━━━━━ Entries shown

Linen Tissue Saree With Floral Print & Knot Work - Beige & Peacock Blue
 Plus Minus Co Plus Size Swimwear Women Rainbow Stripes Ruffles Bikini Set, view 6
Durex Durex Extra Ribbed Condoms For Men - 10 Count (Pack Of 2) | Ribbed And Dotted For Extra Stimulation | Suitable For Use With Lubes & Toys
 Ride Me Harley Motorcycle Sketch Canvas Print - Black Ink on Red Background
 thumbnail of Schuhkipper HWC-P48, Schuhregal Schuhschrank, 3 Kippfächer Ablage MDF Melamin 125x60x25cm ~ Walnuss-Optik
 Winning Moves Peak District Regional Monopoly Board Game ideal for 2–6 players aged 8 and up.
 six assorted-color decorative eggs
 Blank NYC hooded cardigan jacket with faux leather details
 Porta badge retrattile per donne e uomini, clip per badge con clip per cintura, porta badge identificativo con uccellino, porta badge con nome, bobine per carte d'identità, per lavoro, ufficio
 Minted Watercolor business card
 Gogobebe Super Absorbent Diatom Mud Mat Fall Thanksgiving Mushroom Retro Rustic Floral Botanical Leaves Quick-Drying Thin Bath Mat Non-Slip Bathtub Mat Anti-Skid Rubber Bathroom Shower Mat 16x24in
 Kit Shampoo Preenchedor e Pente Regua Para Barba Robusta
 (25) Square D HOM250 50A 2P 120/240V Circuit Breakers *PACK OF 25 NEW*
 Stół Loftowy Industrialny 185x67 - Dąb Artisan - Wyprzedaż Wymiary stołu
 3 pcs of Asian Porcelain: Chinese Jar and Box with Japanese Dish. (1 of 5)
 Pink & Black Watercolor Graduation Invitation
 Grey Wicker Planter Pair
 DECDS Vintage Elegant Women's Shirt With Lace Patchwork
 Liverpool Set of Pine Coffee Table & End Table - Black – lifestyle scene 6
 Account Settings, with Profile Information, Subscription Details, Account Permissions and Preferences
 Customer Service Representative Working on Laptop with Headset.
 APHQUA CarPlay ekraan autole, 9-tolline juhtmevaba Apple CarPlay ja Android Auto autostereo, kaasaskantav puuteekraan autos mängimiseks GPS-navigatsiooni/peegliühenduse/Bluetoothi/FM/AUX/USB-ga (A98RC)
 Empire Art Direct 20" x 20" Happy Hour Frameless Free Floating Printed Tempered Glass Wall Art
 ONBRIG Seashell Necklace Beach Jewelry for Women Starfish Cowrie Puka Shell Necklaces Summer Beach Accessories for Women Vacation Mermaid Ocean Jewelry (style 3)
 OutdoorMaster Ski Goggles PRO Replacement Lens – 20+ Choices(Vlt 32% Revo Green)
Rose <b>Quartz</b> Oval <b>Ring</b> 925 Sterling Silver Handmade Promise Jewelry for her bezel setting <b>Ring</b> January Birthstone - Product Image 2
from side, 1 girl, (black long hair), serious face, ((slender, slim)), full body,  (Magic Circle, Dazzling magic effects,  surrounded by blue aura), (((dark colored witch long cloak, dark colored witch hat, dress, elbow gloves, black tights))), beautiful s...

━━━━━━━━━━

In the material above, find every line that has the string "Jewelry" and pull those lines out.

Task answer ▸
 ONBRIG Seashell Necklace Beach Jewelry for Women Starfish Cowrie Puka Shell Necklaces Summer Beach Accessories for Women Vacation Mermaid Ocean Jewelry (style 3)
Rose <b>Quartz</b> Oval <b>Ring</b> 925 Sterling Silver Handmade Promise Jewelry for her bezel setting <b>Ring</b> January Birthstone - Product Image 2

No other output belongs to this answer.